- **RECORDS SUPPLIED**:
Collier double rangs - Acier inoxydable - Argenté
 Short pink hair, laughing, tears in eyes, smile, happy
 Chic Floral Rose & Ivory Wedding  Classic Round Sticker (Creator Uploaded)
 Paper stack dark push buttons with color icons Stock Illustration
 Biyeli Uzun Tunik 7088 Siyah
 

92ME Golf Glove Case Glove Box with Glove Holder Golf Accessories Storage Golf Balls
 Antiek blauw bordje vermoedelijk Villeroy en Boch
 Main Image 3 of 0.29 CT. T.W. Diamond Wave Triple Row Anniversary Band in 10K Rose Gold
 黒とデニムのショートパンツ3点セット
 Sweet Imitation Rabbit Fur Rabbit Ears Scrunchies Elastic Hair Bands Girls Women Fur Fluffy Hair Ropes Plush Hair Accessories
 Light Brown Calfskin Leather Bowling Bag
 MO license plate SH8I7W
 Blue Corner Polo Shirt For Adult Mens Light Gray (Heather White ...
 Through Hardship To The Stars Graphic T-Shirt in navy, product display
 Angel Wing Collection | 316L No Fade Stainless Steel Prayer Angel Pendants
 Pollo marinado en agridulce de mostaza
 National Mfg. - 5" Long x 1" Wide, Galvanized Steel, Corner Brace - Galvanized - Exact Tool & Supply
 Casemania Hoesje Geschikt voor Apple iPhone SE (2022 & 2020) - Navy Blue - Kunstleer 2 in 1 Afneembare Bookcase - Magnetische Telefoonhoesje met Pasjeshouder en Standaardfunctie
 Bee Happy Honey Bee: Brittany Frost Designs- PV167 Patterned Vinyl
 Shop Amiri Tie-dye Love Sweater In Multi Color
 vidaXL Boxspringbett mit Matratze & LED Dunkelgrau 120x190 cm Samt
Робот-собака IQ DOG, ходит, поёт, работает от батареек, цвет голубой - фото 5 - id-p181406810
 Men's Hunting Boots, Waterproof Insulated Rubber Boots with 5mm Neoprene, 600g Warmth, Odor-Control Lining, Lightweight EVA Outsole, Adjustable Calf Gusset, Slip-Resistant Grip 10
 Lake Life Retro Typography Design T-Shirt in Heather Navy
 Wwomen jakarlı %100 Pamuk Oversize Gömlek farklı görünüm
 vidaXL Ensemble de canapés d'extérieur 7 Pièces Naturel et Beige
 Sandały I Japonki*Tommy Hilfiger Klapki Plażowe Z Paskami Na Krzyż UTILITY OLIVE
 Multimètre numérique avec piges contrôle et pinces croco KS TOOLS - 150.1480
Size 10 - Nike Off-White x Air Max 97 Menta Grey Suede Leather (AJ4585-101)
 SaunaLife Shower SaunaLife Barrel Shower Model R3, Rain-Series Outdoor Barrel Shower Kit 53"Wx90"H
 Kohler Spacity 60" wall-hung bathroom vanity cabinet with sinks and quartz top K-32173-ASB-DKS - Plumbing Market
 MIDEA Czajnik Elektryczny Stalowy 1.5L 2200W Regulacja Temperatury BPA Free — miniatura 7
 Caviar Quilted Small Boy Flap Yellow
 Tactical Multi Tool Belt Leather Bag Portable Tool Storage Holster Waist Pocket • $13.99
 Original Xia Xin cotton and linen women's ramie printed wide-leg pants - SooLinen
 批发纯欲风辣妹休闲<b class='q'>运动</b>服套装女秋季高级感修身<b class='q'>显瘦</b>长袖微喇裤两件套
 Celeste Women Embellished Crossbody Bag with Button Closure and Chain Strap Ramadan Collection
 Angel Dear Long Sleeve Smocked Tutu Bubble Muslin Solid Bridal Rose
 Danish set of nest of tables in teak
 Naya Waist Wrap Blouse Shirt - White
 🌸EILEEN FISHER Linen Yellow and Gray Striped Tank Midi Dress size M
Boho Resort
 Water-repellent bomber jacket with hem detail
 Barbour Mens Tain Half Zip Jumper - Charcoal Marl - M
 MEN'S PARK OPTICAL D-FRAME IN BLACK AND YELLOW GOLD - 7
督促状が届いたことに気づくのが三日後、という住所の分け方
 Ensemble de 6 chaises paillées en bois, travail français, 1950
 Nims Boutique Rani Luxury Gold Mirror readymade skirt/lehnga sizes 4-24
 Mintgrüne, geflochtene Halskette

- **EXERCISE PROMPT**:
If a line in the entries above contains the word "Long", copy it.

- **SOLVED PROBLEM**:
 National Mfg. - 5" Long x 1" Wide, Galvanized Steel, Corner Brace - Galvanized - Exact Tool & Supply
 Angel Dear Long Sleeve Smocked Tutu Bubble Muslin Solid Bridal Rose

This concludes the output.